Here’s a working example of a custom MNF encoder (using a shifted hex alphabet):
MNF_ALPHABET = "MNF0123456789ABCDEF" # 16 chars
HEX_ALPHABET = "0123456789ABCDEF"
def mnf_encode(data: bytes) -> str:
result = []
for byte in data:
high_nibble = (byte >> 4) & 0x0F
low_nibble = byte & 0x0F
result.append(MNF_ALPHABET[high_nibble])
result.append(MNF_ALPHABET[low_nibble])
return ''.join(result) mnf encode
def mnf_decode(encoded: str) -> bytes:
if len(encoded) % 2 != 0:
raise ValueError("MNF string length must be even")
result = []
for i in range(0, len(encoded), 2):
high = MNF_ALPHABET.index(encoded[i])
low = MNF_ALPHABET.index(encoded[i+1])
result.append((high << 4) | low)
return bytes(result) Here’s a working example of a custom MNF
The decoder uses a transposed CNN to reconstruct the frame from the compressed latent features.

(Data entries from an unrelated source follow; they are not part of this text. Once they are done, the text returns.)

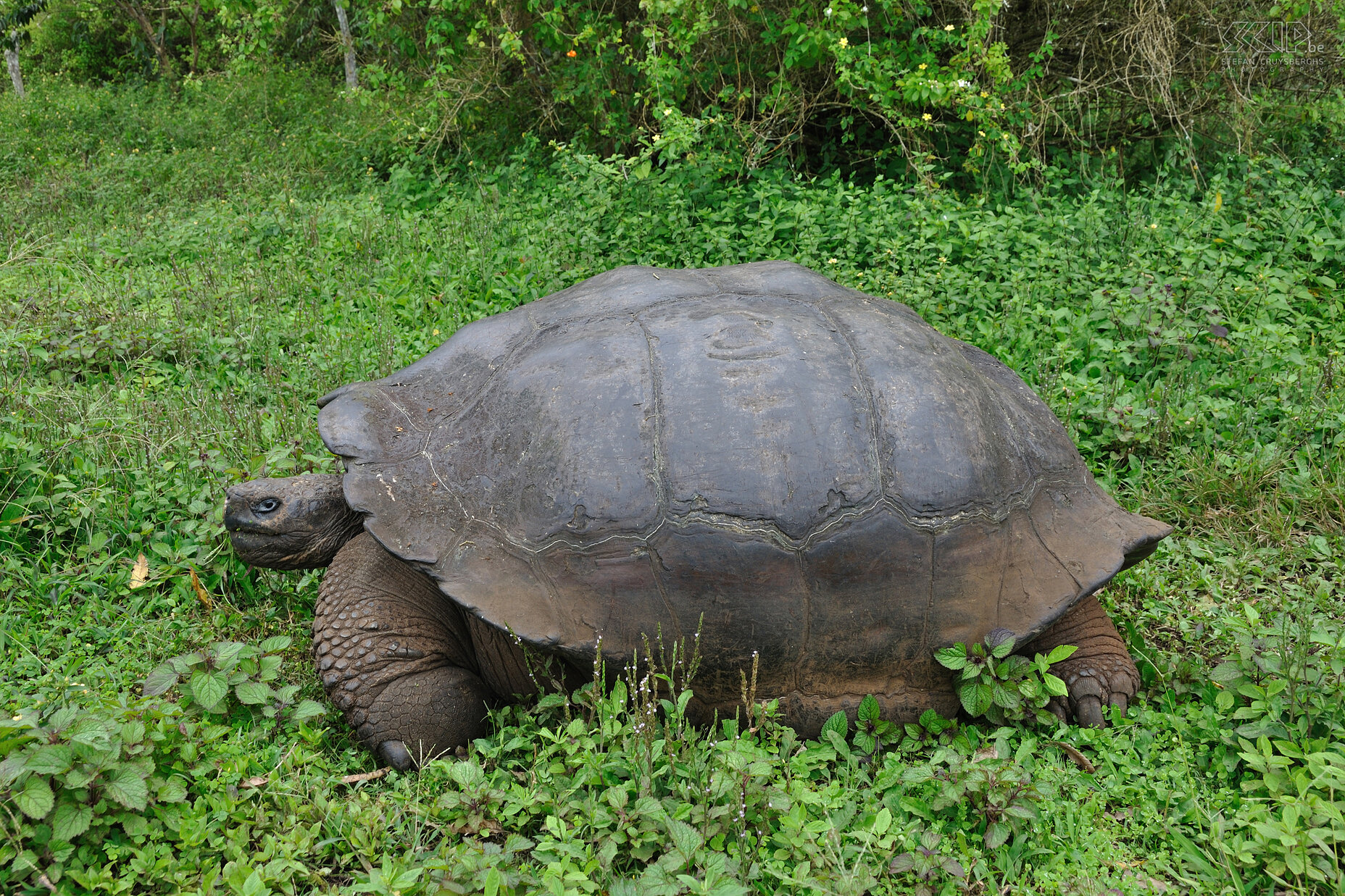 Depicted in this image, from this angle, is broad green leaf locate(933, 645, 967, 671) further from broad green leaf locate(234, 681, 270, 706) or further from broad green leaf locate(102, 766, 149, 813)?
broad green leaf locate(102, 766, 149, 813)

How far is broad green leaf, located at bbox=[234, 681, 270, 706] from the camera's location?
8.21ft

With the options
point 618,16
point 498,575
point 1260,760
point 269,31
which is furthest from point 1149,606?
point 269,31

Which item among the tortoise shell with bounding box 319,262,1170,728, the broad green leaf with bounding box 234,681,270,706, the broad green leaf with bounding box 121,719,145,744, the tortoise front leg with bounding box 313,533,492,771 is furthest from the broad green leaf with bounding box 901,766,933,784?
the broad green leaf with bounding box 121,719,145,744

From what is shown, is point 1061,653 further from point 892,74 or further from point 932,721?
point 892,74

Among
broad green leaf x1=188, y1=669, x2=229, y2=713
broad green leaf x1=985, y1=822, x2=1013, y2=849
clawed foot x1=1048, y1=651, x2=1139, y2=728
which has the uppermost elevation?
broad green leaf x1=188, y1=669, x2=229, y2=713

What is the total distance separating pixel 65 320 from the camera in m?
4.58

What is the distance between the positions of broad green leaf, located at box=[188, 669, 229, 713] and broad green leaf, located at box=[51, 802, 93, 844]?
1.32 ft

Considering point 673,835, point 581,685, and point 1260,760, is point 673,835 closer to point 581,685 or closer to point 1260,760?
point 581,685

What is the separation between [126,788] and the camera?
2070 mm

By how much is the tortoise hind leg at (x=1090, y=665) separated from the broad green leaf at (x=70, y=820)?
2.47m

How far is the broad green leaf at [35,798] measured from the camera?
75.9 inches

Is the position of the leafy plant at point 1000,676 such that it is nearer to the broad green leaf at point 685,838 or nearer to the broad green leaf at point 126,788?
the broad green leaf at point 685,838

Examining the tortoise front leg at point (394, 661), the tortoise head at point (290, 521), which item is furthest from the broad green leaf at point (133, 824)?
the tortoise head at point (290, 521)

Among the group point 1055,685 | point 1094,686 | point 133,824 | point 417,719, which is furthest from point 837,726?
point 133,824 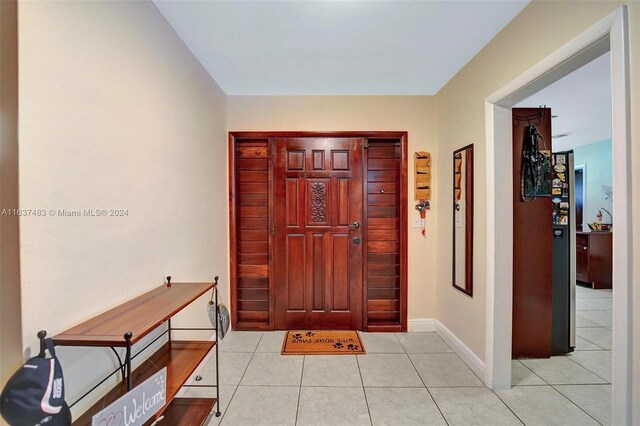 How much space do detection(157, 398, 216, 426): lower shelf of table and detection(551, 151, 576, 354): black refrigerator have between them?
2.96 meters

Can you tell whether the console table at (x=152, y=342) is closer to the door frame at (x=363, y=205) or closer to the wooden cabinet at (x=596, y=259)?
the door frame at (x=363, y=205)

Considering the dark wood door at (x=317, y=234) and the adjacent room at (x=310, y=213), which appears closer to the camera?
the adjacent room at (x=310, y=213)

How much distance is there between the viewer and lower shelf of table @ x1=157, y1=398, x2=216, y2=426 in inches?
61.4

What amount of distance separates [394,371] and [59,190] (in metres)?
2.47

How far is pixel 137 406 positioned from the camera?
1.06m

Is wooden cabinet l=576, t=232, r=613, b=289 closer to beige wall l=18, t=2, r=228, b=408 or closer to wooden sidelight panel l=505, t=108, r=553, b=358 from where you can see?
wooden sidelight panel l=505, t=108, r=553, b=358

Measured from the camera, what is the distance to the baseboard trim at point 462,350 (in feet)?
6.95

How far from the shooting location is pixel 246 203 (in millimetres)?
3021

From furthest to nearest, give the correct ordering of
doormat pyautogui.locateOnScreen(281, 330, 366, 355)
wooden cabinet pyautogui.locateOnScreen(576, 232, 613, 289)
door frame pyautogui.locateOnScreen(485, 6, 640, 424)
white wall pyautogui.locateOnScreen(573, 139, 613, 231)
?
white wall pyautogui.locateOnScreen(573, 139, 613, 231) → wooden cabinet pyautogui.locateOnScreen(576, 232, 613, 289) → doormat pyautogui.locateOnScreen(281, 330, 366, 355) → door frame pyautogui.locateOnScreen(485, 6, 640, 424)

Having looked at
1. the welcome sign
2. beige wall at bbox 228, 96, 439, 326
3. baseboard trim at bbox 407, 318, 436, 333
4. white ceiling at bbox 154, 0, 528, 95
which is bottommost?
baseboard trim at bbox 407, 318, 436, 333

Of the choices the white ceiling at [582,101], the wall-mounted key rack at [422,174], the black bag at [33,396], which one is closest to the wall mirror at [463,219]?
the wall-mounted key rack at [422,174]

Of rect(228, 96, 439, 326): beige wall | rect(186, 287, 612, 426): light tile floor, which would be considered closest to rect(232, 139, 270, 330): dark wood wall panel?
rect(228, 96, 439, 326): beige wall

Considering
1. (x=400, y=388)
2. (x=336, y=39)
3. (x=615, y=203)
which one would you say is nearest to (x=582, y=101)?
(x=615, y=203)

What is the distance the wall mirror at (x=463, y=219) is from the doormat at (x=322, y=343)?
3.79ft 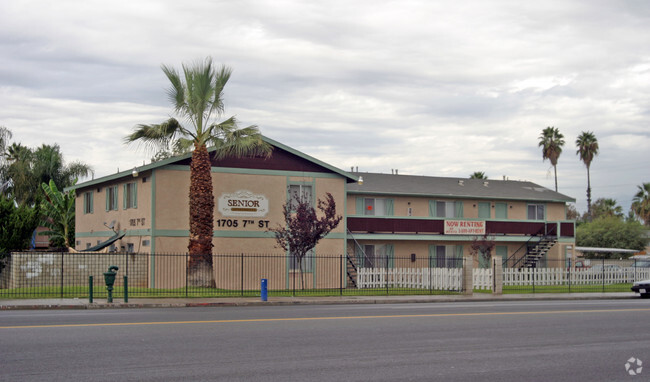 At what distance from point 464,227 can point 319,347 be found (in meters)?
33.6

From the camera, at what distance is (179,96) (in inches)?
1238

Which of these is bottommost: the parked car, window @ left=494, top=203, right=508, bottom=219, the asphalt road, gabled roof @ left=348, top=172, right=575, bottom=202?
the parked car

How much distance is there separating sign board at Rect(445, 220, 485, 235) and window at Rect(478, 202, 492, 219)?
88.2 inches

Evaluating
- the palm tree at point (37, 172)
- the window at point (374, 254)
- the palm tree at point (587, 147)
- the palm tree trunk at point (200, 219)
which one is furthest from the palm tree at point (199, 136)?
the palm tree at point (587, 147)

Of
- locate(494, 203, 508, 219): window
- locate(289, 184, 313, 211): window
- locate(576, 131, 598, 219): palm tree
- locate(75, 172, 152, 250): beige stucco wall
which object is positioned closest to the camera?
locate(75, 172, 152, 250): beige stucco wall

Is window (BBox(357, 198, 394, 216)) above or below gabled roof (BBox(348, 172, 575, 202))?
below

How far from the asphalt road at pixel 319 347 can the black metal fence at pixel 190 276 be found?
427 inches

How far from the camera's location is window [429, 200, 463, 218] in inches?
1842

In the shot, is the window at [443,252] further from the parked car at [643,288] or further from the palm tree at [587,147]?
the palm tree at [587,147]

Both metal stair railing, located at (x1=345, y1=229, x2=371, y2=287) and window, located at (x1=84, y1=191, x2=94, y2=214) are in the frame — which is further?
window, located at (x1=84, y1=191, x2=94, y2=214)

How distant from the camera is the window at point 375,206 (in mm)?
44625

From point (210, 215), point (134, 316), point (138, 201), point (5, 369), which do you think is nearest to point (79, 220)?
point (138, 201)

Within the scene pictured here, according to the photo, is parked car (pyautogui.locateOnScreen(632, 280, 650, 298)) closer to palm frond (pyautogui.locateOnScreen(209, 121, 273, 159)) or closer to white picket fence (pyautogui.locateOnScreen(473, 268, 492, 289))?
white picket fence (pyautogui.locateOnScreen(473, 268, 492, 289))

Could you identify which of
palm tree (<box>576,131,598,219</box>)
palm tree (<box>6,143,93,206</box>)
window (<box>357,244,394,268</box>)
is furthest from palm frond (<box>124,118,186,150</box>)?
palm tree (<box>576,131,598,219</box>) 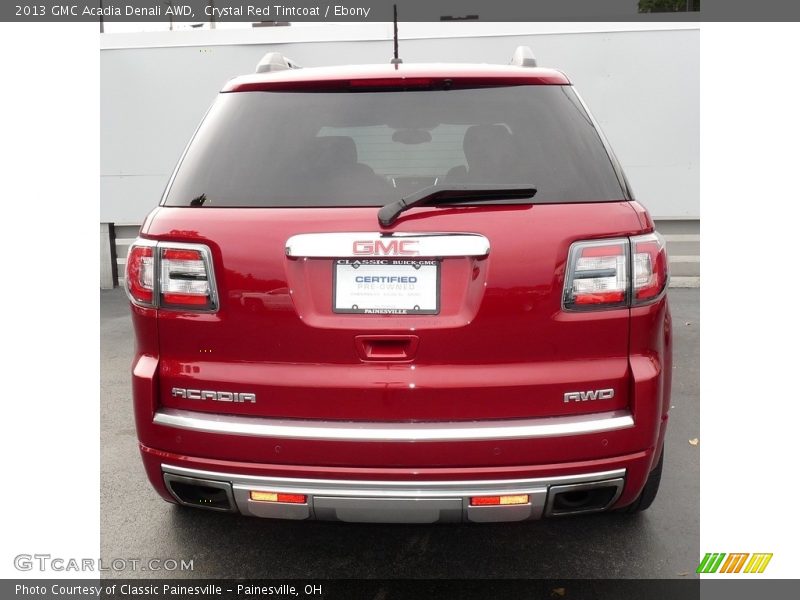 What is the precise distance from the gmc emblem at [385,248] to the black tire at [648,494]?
1499 millimetres

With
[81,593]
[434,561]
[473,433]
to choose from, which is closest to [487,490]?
[473,433]

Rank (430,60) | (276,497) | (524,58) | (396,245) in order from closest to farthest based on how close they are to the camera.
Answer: (396,245) < (276,497) < (524,58) < (430,60)

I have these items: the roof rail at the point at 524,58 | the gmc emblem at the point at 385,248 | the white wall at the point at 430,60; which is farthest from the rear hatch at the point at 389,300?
the white wall at the point at 430,60

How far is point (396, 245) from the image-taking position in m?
1.99

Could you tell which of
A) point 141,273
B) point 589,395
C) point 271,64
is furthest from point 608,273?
point 271,64

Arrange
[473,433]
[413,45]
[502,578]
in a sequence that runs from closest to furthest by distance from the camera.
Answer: [473,433], [502,578], [413,45]

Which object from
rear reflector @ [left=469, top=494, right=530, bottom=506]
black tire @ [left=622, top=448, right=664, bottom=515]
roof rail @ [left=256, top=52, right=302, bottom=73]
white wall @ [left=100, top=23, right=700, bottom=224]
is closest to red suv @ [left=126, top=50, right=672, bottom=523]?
rear reflector @ [left=469, top=494, right=530, bottom=506]

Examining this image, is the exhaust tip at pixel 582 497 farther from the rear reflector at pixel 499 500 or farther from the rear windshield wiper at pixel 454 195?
the rear windshield wiper at pixel 454 195

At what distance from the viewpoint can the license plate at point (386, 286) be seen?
2000 millimetres

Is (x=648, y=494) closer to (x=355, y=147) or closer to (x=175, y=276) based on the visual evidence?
(x=355, y=147)

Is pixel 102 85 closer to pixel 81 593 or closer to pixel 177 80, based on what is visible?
pixel 177 80

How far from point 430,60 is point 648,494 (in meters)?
6.29

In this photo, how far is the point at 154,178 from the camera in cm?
849

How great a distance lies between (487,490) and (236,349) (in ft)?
2.98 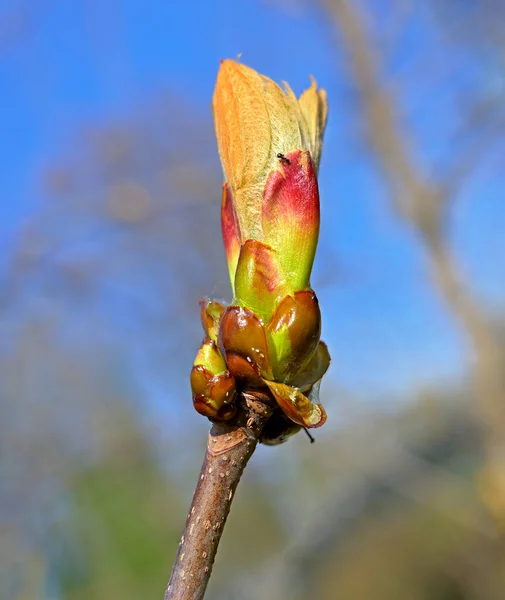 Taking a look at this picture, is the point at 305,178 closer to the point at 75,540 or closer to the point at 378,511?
the point at 378,511

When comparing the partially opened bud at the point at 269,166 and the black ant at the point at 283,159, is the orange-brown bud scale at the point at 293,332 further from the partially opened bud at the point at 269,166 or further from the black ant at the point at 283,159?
the black ant at the point at 283,159

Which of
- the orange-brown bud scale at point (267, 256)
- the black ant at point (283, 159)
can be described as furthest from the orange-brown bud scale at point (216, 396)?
the black ant at point (283, 159)

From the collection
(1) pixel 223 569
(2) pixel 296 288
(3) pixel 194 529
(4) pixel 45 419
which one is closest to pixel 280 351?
(2) pixel 296 288

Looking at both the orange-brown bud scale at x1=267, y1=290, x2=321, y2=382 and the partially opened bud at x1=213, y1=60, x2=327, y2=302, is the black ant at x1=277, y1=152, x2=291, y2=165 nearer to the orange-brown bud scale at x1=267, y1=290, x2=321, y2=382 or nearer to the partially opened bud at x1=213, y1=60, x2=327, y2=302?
the partially opened bud at x1=213, y1=60, x2=327, y2=302

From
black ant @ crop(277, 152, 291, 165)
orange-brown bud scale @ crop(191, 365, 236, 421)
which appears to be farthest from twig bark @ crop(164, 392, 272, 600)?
black ant @ crop(277, 152, 291, 165)

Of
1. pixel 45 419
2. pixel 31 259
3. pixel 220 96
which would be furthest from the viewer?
pixel 45 419

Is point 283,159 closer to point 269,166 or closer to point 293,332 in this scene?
point 269,166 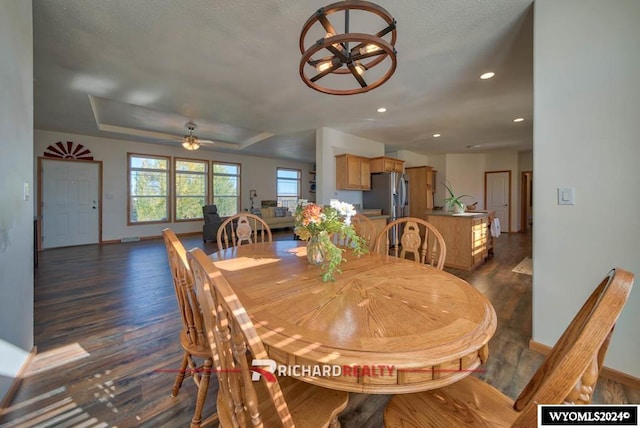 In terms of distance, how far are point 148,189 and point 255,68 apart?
574cm

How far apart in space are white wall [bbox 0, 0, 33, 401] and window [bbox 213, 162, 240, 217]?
20.7 ft

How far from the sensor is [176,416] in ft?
4.46

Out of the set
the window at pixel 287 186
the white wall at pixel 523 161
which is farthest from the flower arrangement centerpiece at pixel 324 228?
the white wall at pixel 523 161

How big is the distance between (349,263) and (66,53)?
11.4 feet

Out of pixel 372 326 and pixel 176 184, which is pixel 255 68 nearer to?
pixel 372 326

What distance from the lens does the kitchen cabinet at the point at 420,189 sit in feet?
23.5

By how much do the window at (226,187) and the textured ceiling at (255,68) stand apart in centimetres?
282

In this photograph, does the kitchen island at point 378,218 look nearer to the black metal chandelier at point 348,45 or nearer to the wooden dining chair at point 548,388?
the black metal chandelier at point 348,45

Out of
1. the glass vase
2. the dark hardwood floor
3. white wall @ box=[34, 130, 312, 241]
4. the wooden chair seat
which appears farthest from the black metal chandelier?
white wall @ box=[34, 130, 312, 241]

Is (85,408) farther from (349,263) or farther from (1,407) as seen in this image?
(349,263)

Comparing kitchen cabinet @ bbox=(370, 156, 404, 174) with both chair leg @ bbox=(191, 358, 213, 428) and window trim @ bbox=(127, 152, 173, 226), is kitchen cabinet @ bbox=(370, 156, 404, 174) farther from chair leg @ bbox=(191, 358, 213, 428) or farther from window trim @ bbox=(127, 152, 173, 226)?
window trim @ bbox=(127, 152, 173, 226)

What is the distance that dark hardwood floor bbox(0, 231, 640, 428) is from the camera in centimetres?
137

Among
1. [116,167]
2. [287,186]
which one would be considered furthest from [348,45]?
[287,186]

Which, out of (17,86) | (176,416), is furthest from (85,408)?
(17,86) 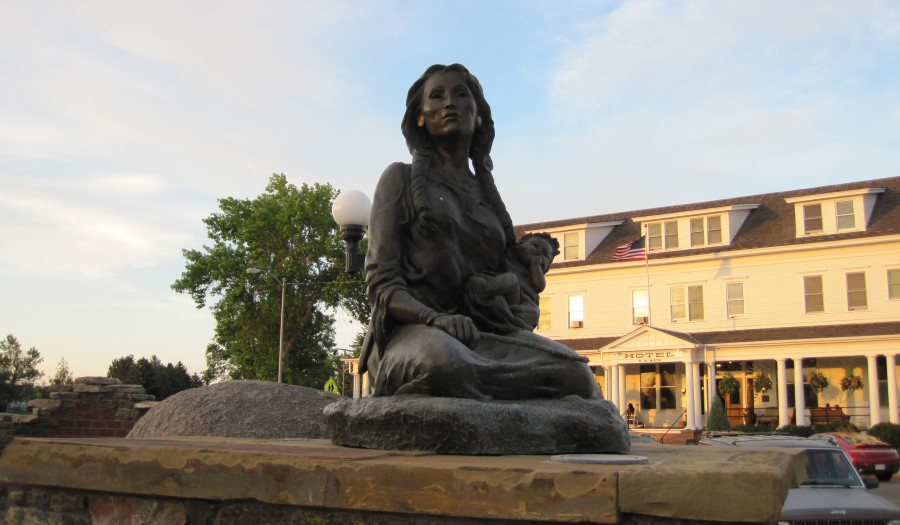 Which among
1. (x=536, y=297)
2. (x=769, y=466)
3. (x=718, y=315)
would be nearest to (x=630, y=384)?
(x=718, y=315)

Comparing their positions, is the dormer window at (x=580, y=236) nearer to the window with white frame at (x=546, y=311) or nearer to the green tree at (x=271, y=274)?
the window with white frame at (x=546, y=311)

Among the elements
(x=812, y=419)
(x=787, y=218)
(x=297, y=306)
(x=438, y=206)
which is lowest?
(x=812, y=419)

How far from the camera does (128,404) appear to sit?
12.7 metres

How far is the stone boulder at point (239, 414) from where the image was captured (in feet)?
26.7

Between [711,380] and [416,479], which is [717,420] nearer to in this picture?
[711,380]

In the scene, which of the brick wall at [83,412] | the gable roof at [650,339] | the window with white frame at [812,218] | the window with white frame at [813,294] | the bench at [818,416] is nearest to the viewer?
the brick wall at [83,412]

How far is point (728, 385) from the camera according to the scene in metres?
33.8

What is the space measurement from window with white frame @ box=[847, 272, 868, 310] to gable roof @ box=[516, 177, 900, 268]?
1547 mm

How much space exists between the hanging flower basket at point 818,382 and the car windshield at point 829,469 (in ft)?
81.4

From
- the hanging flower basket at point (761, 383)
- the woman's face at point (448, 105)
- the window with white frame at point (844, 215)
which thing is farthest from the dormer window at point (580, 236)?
the woman's face at point (448, 105)

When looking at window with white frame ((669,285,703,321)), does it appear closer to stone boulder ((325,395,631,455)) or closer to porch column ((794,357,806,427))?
porch column ((794,357,806,427))

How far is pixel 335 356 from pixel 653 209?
1894cm

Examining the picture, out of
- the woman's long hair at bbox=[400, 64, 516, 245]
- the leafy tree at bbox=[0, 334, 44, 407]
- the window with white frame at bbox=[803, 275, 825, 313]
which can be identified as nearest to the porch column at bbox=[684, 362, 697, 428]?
the window with white frame at bbox=[803, 275, 825, 313]

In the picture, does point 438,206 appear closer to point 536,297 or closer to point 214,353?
point 536,297
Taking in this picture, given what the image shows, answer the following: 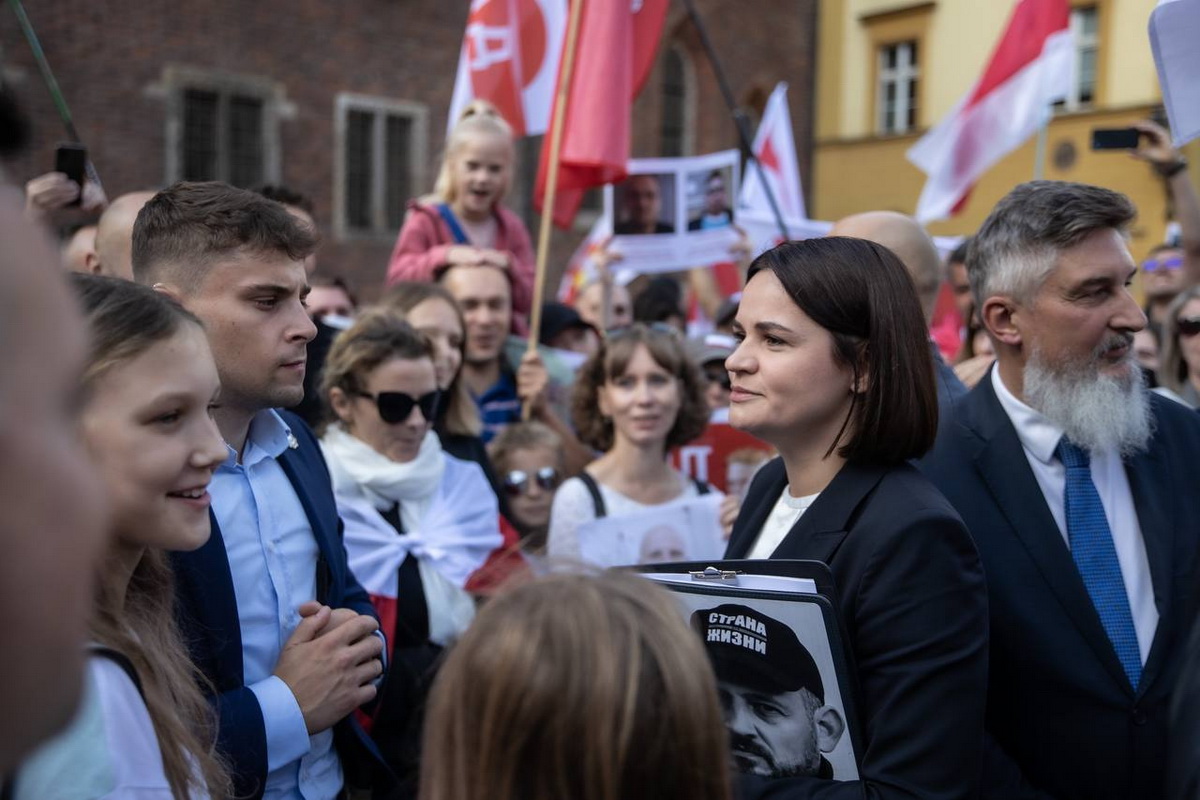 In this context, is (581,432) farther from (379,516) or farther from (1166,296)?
(1166,296)

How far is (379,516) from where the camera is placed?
11.2 feet

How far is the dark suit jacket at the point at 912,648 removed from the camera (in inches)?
74.2

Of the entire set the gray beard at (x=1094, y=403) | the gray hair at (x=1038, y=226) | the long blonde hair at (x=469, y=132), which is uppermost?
the long blonde hair at (x=469, y=132)

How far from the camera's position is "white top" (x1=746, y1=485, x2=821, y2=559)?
2.31m

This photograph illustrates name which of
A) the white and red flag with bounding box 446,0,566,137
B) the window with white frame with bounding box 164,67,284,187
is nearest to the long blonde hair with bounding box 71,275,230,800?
the white and red flag with bounding box 446,0,566,137

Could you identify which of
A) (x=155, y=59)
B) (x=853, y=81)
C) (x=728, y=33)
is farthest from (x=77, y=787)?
(x=853, y=81)

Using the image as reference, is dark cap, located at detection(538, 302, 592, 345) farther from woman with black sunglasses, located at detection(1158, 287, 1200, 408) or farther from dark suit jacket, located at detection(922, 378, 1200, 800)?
dark suit jacket, located at detection(922, 378, 1200, 800)

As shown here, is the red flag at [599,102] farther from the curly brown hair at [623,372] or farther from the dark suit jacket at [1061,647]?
the dark suit jacket at [1061,647]

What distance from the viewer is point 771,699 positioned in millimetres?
1959

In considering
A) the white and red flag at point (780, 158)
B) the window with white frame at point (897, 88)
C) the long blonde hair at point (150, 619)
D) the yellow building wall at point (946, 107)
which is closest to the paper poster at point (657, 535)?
the long blonde hair at point (150, 619)

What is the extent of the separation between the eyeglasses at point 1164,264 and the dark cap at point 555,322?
3.28 metres

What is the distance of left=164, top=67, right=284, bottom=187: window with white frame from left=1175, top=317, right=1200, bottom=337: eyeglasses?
12418 mm

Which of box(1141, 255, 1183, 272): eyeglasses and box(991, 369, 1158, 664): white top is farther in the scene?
box(1141, 255, 1183, 272): eyeglasses

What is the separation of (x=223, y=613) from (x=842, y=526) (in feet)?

Because the decoder was trained with a perceptual loss function (LPIPS or DISTS rather than PSNR), the output video looks better to the human eye than a bitrate-equivalent HEVC file, even if the PSNR numbers are slightly lower. Traditional encoding requires looking at a whole frame
Let us walk through the actual workflow of an MNF Encoder pipeline:
Latency is the enemy. Traditional encoding requires looking at a whole frame. MNF Encode can start transmitting the "coarse scale" features immediately, allowing a low-resolution proxy of the frame to display within 5 milliseconds, with details filling in over the next 15ms. This creates the sensation of instantaneous response.
An MNF stream typically starts with a header to define versioning and compression.